> _Dataset excerpt_
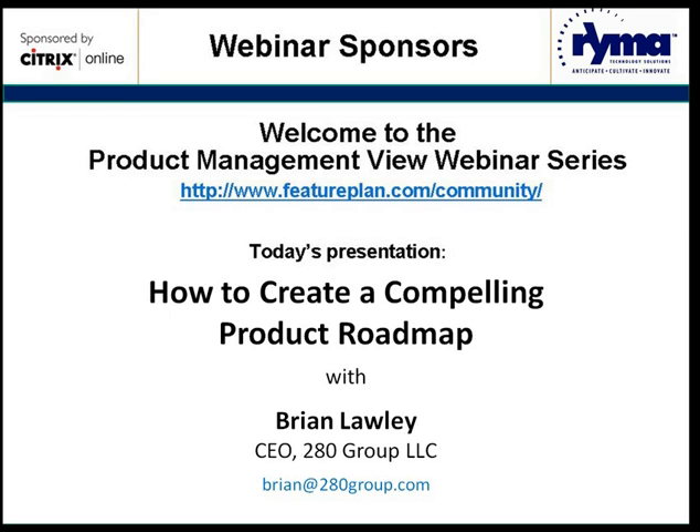I would now like to welcome you once more to the Product Management View webinar series. I am Chelsea Woodhead from RIMA Technology Solutions, one of the sponsors of this webinar series, and I'll be your moderator.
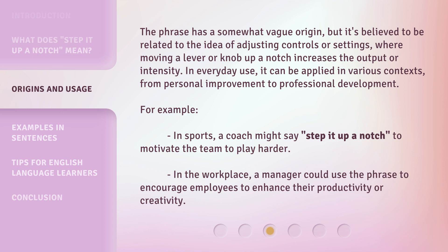For example, in sports, a coach might say step it up a notch to motivate the team to play harder. In the workplace, a manager could use the phrase to encourage employees to enhance their productivity or creativity.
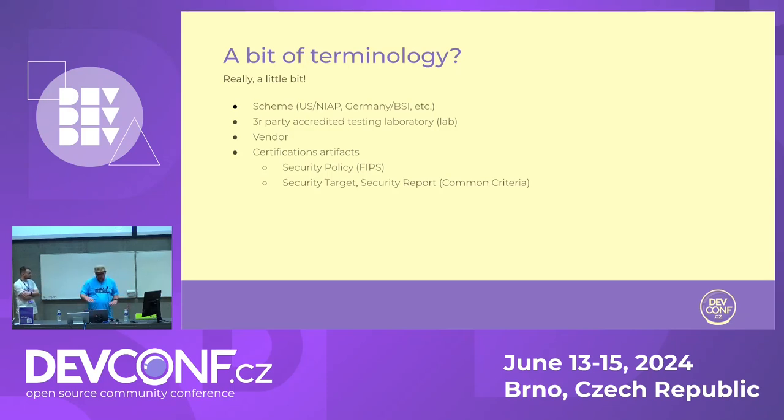There are also many certification artifacts. One is the security policy in FIPS, which explains what kind of algorithms the product or cryptographic module supports, how you should use it, and guidance on how to install the software. Then there is the security target and security reports for Common Criteria — exactly the same idea: it explains what the security features and assurance features of your product are. That's the brief setup.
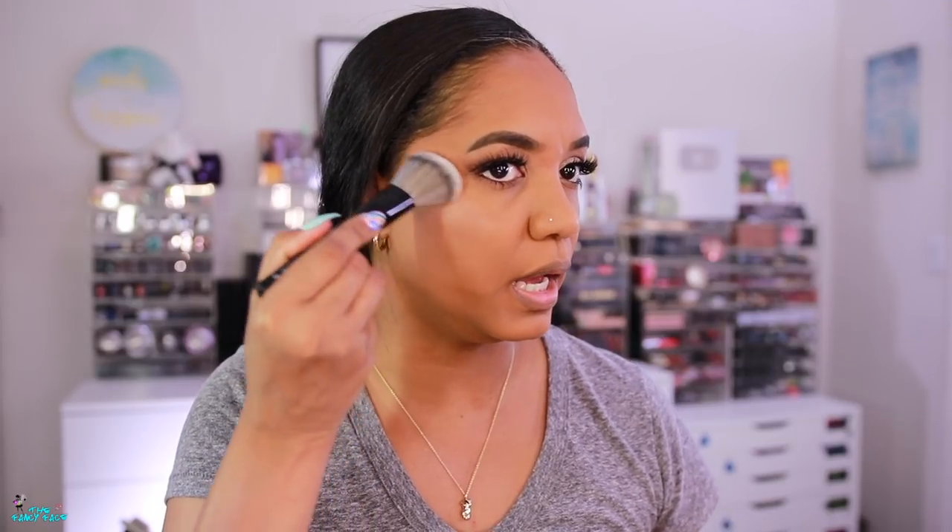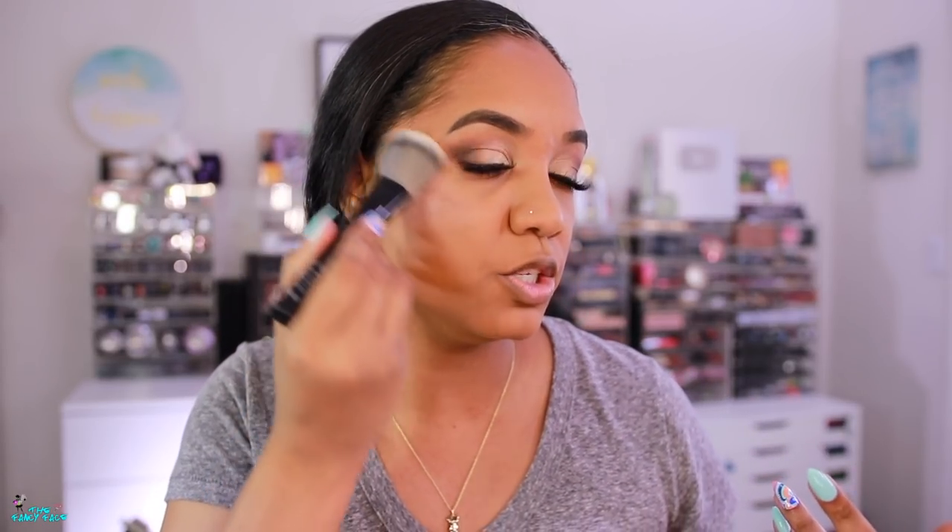Just a subtle blush - nothing too poppy, nothing too pink. Then I'll go in with my favorite highlighter: the YSL Touche Éclat 3D All Over Glow. It's just one universal shade, a pinky gold. I'm applying it to the tops of my cheeks - it's a very light powder, not intense, not shimmery or glittery, it just gives a glow. I like it on the cheeks for that very subtle, beautiful soft glow.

> _What to do_
Please output all of the data exactly as given, omitting any images it holds.

> _Exercise answer_
I would now like to welcome you once more to the Product Management View webinar series. I am Chelsea Woodhead from RIMA Technology Solutions, one of the sponsors of this webinar series, and I'll be your moderator.
For example, in sports, a coach might say step it up a notch to motivate the team to play harder. In the workplace, a manager could use the phrase to encourage employees to enhance their productivity or creativity.
There are also many certification artifacts. One is the security policy in FIPS, which explains what kind of algorithms the product or cryptographic module supports, how you should use it, and guidance on how to install the software. Then there is the security target and security reports for Common Criteria — exactly the same idea: it explains what the security features and assurance features of your product are. That's the brief setup.
Just a subtle blush - nothing too poppy, nothing too pink. Then I'll go in with my favorite highlighter: the YSL Touche Éclat 3D All Over Glow. It's just one universal shade, a pinky gold. I'm applying it to the tops of my cheeks - it's a very light powder, not intense, not shimmery or glittery, it just gives a glow. I like it on the cheeks for that very subtle, beautiful soft glow.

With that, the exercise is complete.